**TASK INSTRUCTIONS**
From the material below, retype exactly the lines that begin at the line with "BMW Global Sales Analysis – Power BI Report" and end after the line with "梦幻西游成就数量,梦幻西游成就主要用途插图 梦幻西游成就"; pictures stay out of the copy.

**RECORDS FOR THE EXERCISE**
============================================================

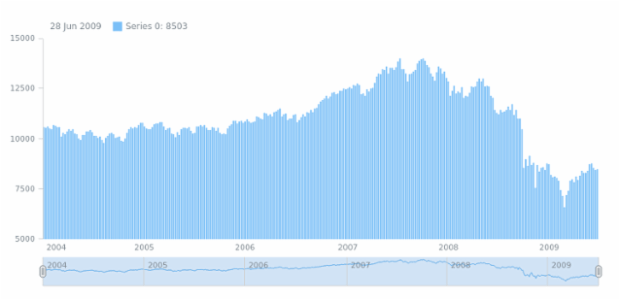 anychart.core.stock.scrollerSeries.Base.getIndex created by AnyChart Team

============================================================

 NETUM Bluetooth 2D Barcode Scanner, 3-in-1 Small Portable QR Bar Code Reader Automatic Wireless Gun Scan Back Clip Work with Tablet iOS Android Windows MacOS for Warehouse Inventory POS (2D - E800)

============================================================

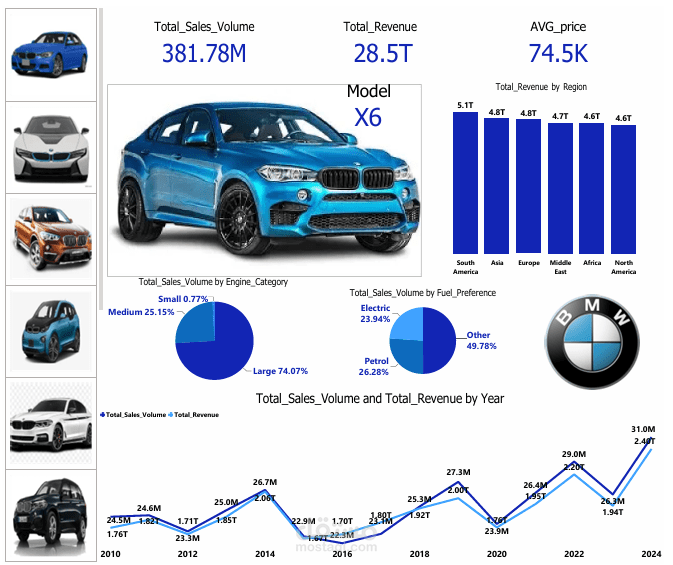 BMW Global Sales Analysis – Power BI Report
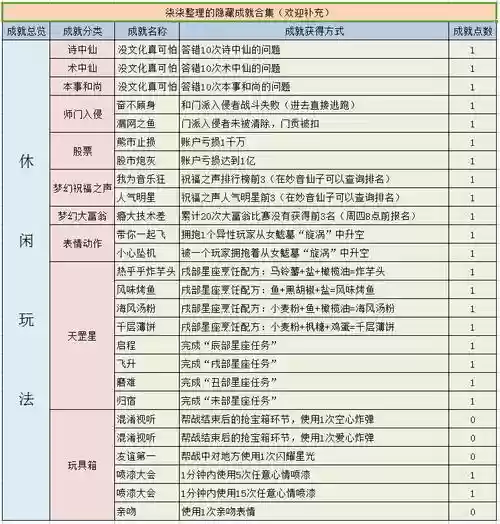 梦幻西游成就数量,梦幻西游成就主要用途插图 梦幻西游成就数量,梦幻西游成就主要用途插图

============================================================

**PROBLEM SOLUTION**
 BMW Global Sales Analysis – Power BI Report
 梦幻西游成就数量,梦幻西游成就主要用途插图 梦幻西游成就数量,梦幻西游成就主要用途插图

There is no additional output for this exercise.